Welcome to queirozf.com

Recent Posts


The world of code and software has well defined rules and few exceptions.

When, however, we use code to write applications and information systems, we're venturing into the world of humans (who are, after all, the ones who derive value from our applications), which has few, ill-defined rules and a lot of exceptions.

The software world needs fixed rules and few exceptions. The human world, whose interactions define what code needs to be written, is infinitely malleable and any rules have many exceptions.

If you've ever tried to model the day-to-day operations of a modern company into a computer system that's supposed to automate and optimize those processes, you know that this is neither easy nor clean. It's decidedly unpredictable and messy.

Process modeling is a world in and of itself. I'll not dwell too much on the ins and outs of process modelling; I'll focus on practical advice to make your experience in software development run smoother.

Suppose you have modeled everything you need and your system has gone into production. People start using it: creating, reading, updating and deleting data (this is what the CRUD acronym stands for).

But every now and then (or quite frequently if your system is used by a lot of people), strange errors start popping up: users start using your system in ways you hadn't thought of, funny data appears in the database and a decent amount of your time is spent correcting broken functionality rather than implementing new features.

Every now and then, bad data causes errors at runtime which force you to work reactively (fixing bugs) rather than proactively (think about and implementing new features).

Lately I've spotted a recurring pattern when I need to fix something or find out why something that used to work now doesn't. It's generally due to bad data in the database.

And the fix to bad data problems is nearly always implementing more data validation when users enter data into your system.

What is meant here by bad data?

It's data that's maybe syntactically correct (i.e. there's a date where your system expects a date, or an integer where your system expects an integer) but semantically wrong.
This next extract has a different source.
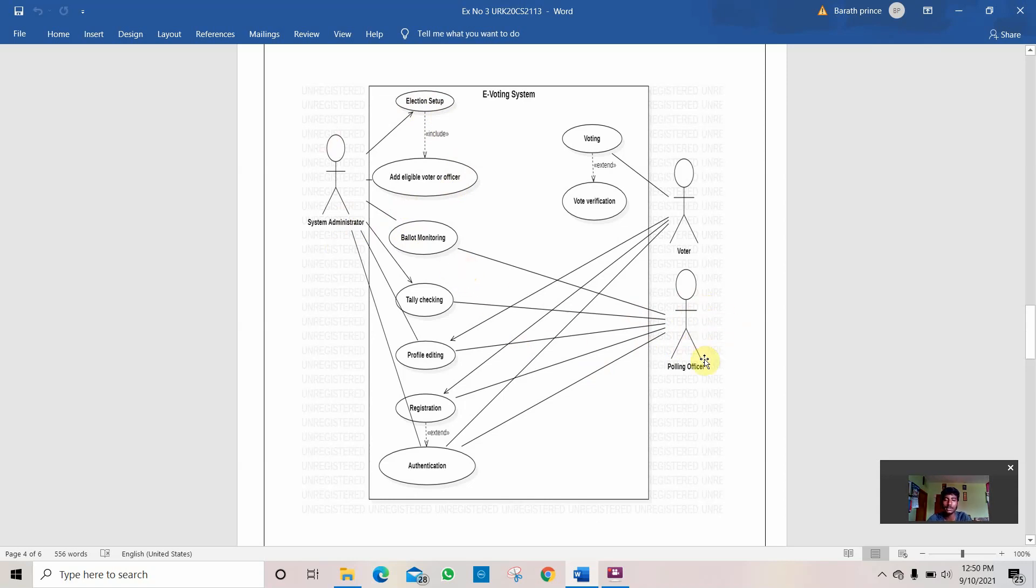Check the ballots, how the ballots work. He also does tally checking, editing, profile editing, registration, registration of the voter, and other works.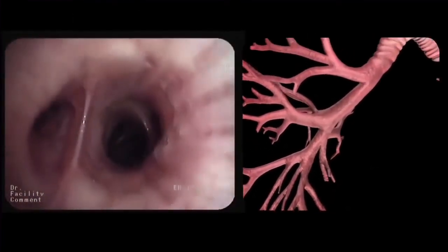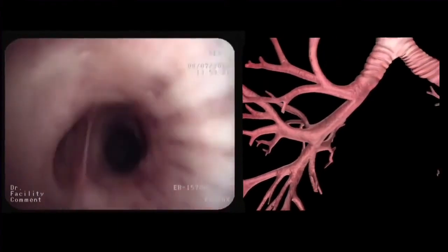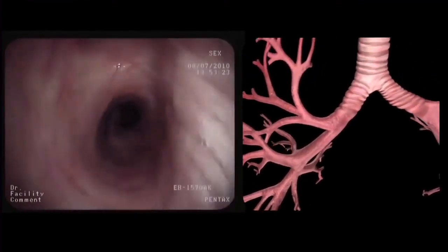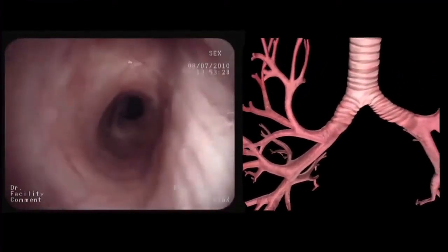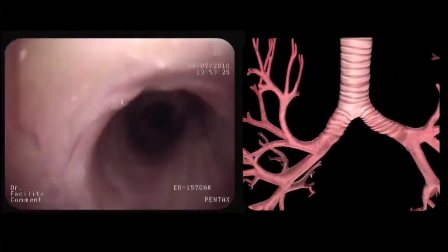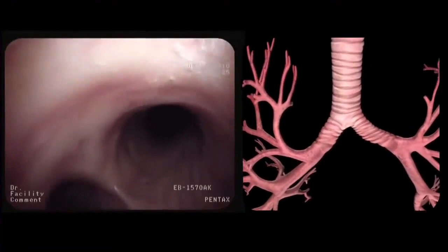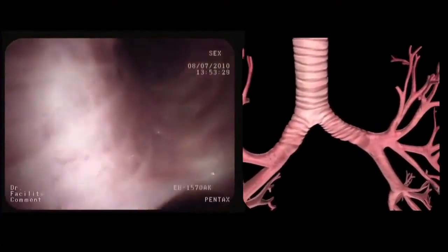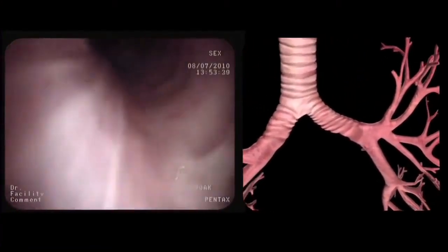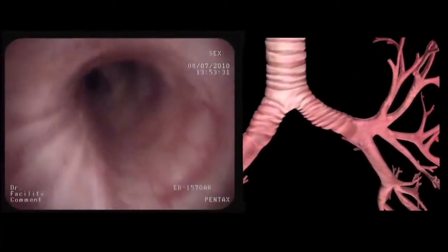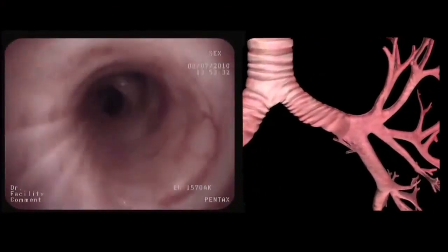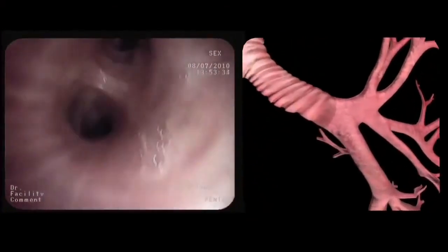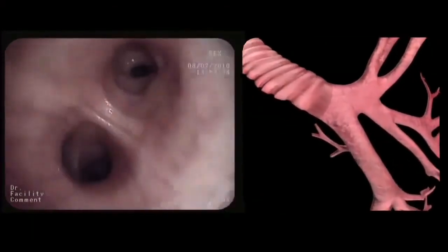After inspection of the basal branches, the bronchoscope is then slowly retracted up to the level of the main carina. After rotating 90 degrees counter-clockwise, we enter the left main bronchus, which is significantly longer than the right main bronchus.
In other words, data that is generally correct, but not for your system.

  • Example: Car Inventory System

    Suppose you have written a car inventory system for a car dealership in your neighbourhood to keep track of the cars they have in stock.

    Such a system would have a Carentity, which would probably have attributes like manufacture_date (the date the car was manufactured) and entry_date (the date the car arrived at the dealership to be sold).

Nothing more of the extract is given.